ASSIGNMENT:
Please state how many lines in the records below contain the word "Miami"; the answer should be a number and nothing else.

GIVEN RECORDS:
- - -

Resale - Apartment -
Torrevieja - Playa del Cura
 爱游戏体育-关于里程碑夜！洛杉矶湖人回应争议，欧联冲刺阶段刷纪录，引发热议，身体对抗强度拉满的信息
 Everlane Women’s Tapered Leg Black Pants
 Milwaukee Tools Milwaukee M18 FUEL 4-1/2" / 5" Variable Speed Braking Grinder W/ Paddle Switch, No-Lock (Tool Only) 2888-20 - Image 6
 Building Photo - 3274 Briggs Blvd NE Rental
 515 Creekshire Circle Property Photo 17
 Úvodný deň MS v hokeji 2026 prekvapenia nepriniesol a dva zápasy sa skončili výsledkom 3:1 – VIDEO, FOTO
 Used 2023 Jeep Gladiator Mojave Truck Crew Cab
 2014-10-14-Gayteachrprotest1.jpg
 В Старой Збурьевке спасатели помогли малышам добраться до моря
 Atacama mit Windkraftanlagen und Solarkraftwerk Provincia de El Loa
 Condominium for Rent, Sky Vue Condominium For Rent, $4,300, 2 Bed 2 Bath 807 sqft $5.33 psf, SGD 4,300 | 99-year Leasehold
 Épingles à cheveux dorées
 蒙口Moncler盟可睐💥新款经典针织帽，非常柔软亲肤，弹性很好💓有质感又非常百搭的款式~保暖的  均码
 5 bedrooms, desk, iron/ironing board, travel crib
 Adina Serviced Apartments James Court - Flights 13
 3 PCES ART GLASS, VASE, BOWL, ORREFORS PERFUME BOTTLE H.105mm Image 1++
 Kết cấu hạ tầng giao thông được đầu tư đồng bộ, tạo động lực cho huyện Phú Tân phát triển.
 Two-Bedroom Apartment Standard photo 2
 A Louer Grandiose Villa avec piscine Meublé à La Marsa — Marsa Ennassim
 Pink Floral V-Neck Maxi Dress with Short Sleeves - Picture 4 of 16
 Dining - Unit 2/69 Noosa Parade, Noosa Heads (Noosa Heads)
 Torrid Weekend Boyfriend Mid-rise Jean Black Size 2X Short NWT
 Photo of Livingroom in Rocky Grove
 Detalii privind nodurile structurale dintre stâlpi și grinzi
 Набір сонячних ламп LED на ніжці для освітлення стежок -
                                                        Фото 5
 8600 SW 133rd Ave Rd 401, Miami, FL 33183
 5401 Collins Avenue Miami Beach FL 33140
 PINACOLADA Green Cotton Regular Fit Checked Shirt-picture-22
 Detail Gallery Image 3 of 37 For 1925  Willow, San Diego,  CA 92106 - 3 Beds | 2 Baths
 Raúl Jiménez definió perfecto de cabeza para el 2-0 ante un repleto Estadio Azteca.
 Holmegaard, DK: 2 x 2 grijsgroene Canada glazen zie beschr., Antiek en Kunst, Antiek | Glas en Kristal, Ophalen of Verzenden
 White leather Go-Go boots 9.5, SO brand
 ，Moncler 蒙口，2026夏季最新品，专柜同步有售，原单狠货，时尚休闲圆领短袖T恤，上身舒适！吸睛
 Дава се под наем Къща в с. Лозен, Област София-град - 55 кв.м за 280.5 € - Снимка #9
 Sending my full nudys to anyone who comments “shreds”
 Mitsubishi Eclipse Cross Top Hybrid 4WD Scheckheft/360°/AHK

- - -

RESULT OF THIS EXERCISE:
2